LG Viewty (KU990) Review


Viewty? I can’t work out why this phone has that name, or indeed why the name might be applied to any mobile. But then LG doesn’t bat an eyelid at using odd names for its handsets. Shine, anyone?

If you remember my review of the predecessor to this mobile, the Prada, (this time the odd name was the result of co-development of the handset), you’ll recall that I had some problems with it, but that these related more to the build than the touchscreen, which I tended to feel LG had done pretty well with.

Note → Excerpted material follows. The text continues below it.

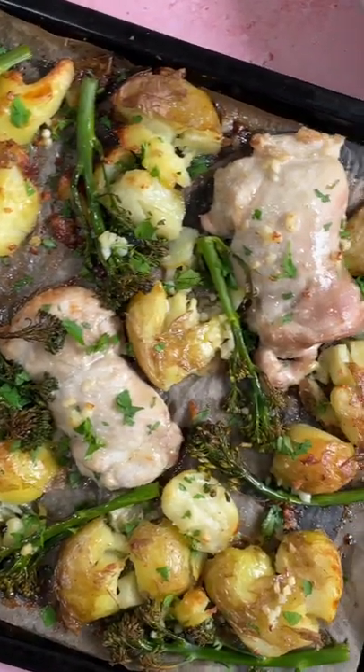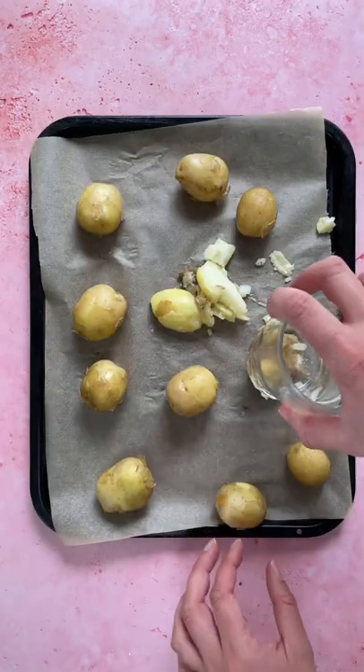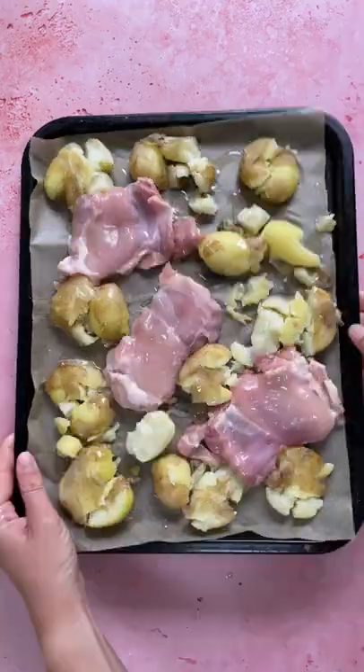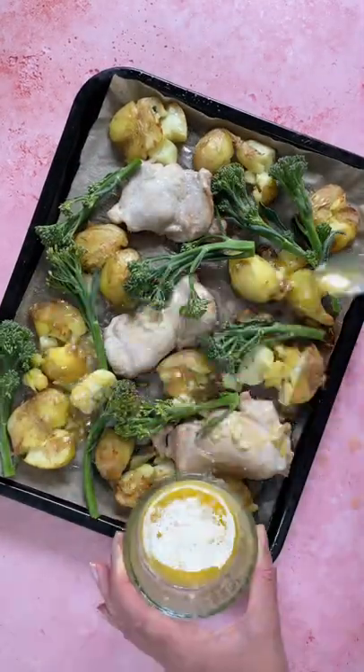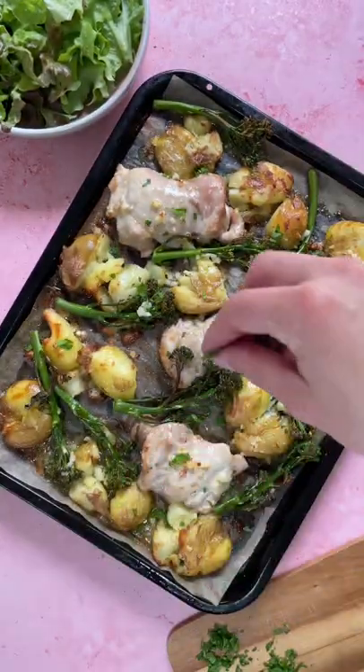It's episode nine of delicious gluten-free dinners, and this garlic butter chicken and smashed potato tray bake is one of my new favorites. Smashing potatoes is the ultimate stress buster, and I keep finding baby potatoes in the yellow sticker bin, making it even cheaper to make. If you like garlic, you'll love this — let me know if you give it a go.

There has been progress with the Viewty on all fronts. It is a tri-band GSM phone with EDGE and GPRS as well as 3G with HSDPA up to 3.6Mbps where the Prada lacked the 3G element. A front facing camera caters for video calling and can be used to shoot stills containing yourself. Also the build quality feels better and the main camera shoots five megapixels.

This is a fairly large phone at 103.5mm tall, 54mm wide and 14.8mm thick. At 112g it is approaching the weight and girth of a proper smartphone.

The 3.0 inch touchscreen occupies pretty much all of the front of the Viewty. It displays 262 thousand colours and 240 x 400 pixels. It can be configured with one of three themes: ‘Black’ is a simple black background theme. ‘Silver’ offers a lighter grey background with some graphics that whizz onto the home screen for no apparent reason. But ‘Fish’, aaah ‘Fish’ is delightful. On the home screen a goldfish swims against a blue background. Put a fingertip on the screen and the fish swims towards it. Yes it is silly, yes it is trite, but I like it.

Whatever theme you choose, the home screen has a set of animated arrows running along its bottom edge. Sweep a fingertip along them and a 3×3 bank of icons pops up offering tap-access to Web browser, messaging, profiles, games and apps, memo, alarms, my stuff, calendar and Bluetooth settings. Sweep again and this menu disappears. The sensitive area is wide enough that you hit it right every time, and so, crucially, this part of the touch screen element works well enough to use intuitively and regularly.

Sweeping also comes into play if you are viewing images and have zoomed in. You can pull a photo around on the screen to get to the bit you want to see.